Paul Ford: No but people will complain about things.
Jon Lax: Then I now work at MPK which is called MPK 20 which is across the street from the Sun campus.
Paul Ford: What does, Menlo Park.
Jon Lax: Menlo Park so the buildings are numbered.
Rich Ziade: They don’t have time to stay the full words over there.
Paul Ford: MPK. What’s the building that is the brain center?
Jon Lax: That’s in MPK 20 now, it’s the Gehry design building which you can see online there’s lots of pictures of it. I may not get these exact numbers correct I think it’s about 440,000 square feet on one floor.
Rich Ziade: Cool.
Paul Ford: Cool, that’s nice.
Rich Ziade: A lot of golf carts.
Jon Lax: Funny story about that, the way it’s very large open floor plan and then there’s these walkaways almost like sidewalks that sort of circle it so that you can move between zones where your meetings are. You will see, so when I first got there you will see someone on a motorized skateboard go by you and my reaction was like oh this is every cliche about Silicon Valley just kind of scooting by me. After you’re in the building for a little while and it’s 440,000 square feet and it takes you about 5 minutes to get from one end to the other walking, you realize that this keyboard is actually a really sufficient way to move around. There’s actually a practical reason to move around the building that way.
Paul Ford: I’ll go every now and then I have some reason to go over to the Google building in New York City not even their biggest campus by far, right. I will go … I can never … there is two entrances and they’re both one is almost a mile from the other, I invariably go in the wrong entrance and it’s a half hour disaster.

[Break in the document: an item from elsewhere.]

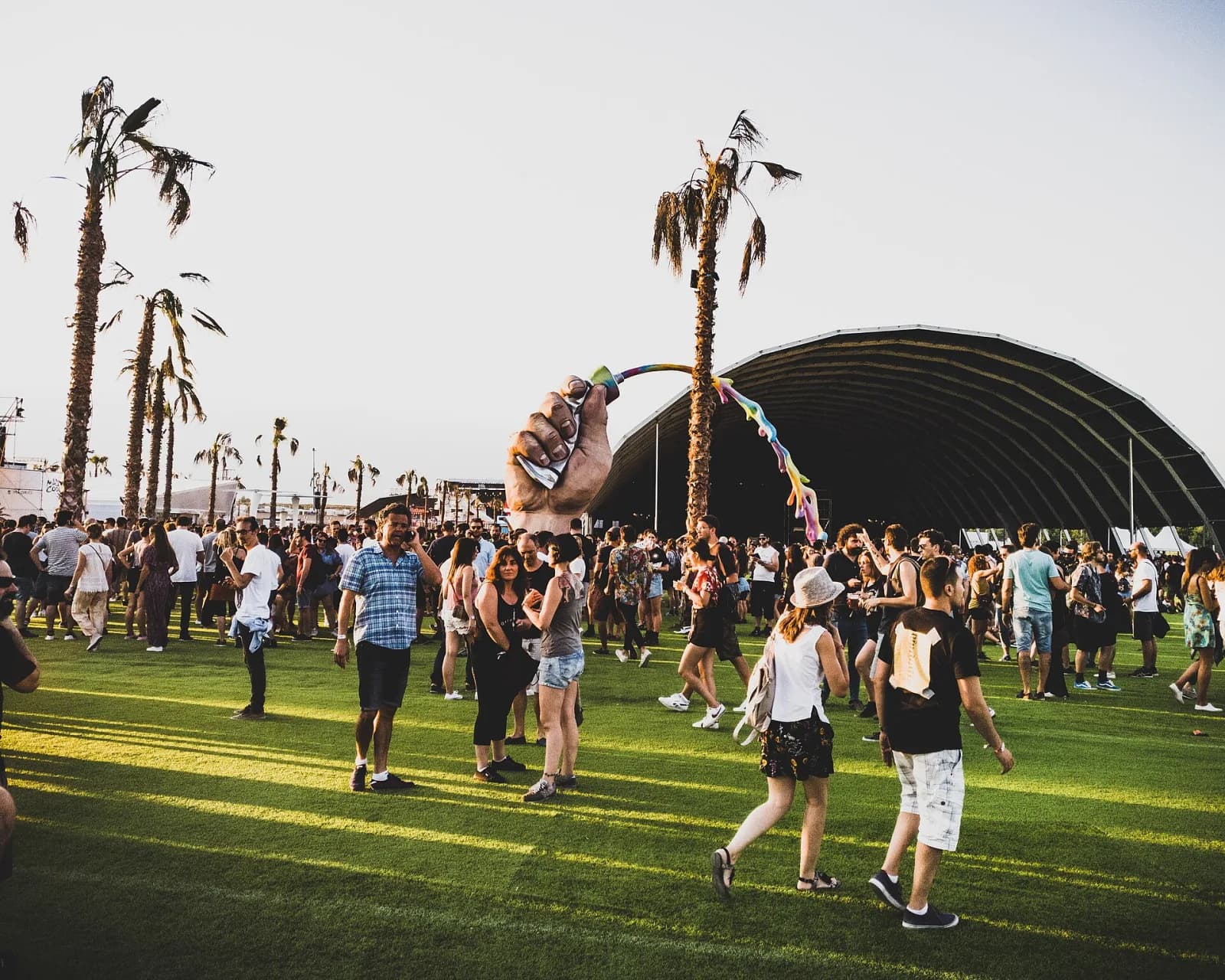 Festivalgoers on green turf between palm trees at the Mad Cool site at golden hour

Jon Lax: Getting to the other side, it’s a block, it’s a city block.
Paul Ford: But also it’s three levels of security and it’s only by the time you get to the third where they’re like you’re in the wrong place. You have to go back out and go through security again and you’re tired and frustrated.
Jon Lax: And late.
Paul Ford: You so don’t want to talk about ad technology anymore at that point. Rich when you met Jon what was he doing?

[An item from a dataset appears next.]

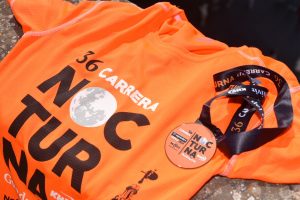 Camiseta y medalla Nocturna del Guadalquivir KH7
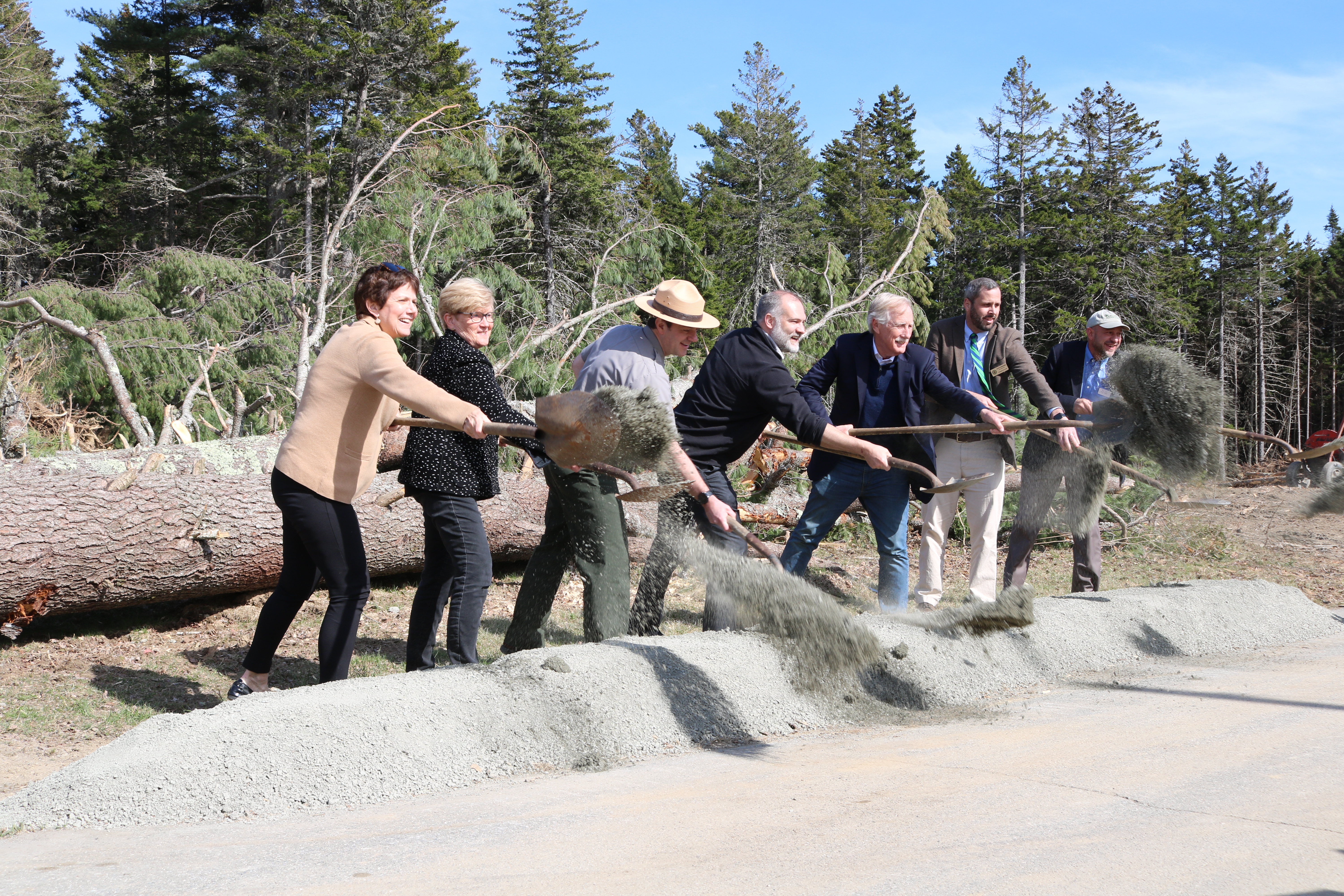 7 individuals throw dirt from their shovels, ceremoniously breaking ground on the new maintenance facility.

Rich Ziade: He was at a shop up in Toronto called Teehan and Lax and if you cared about design on the web you knew about Teehan and Lax, these guys were the polish and the quality of what they were putting out was just above and beyond they were consistently killing it. I had a shop in New York about the same size actually, we weren’t that different in size.
Jon Lax: Thirty, forty people.
Rich Ziade: Yeah about forty people, and I was envious in a terribly bad way of what they could pull off but we were kick-ass engineers. They can’t code like us so we’re still better that way.
Paul Ford: Whatever you needed to tell yourself.
Rich Ziade: I forgot why we connected.
Jon Lax: We had been working on on an app which was Flipboard before Flipboard and we needed a parser because we were ingesting stories and to trying to re Twitter basically we were unpacking Twitter links trying to present them into a magazine format on an iPad app.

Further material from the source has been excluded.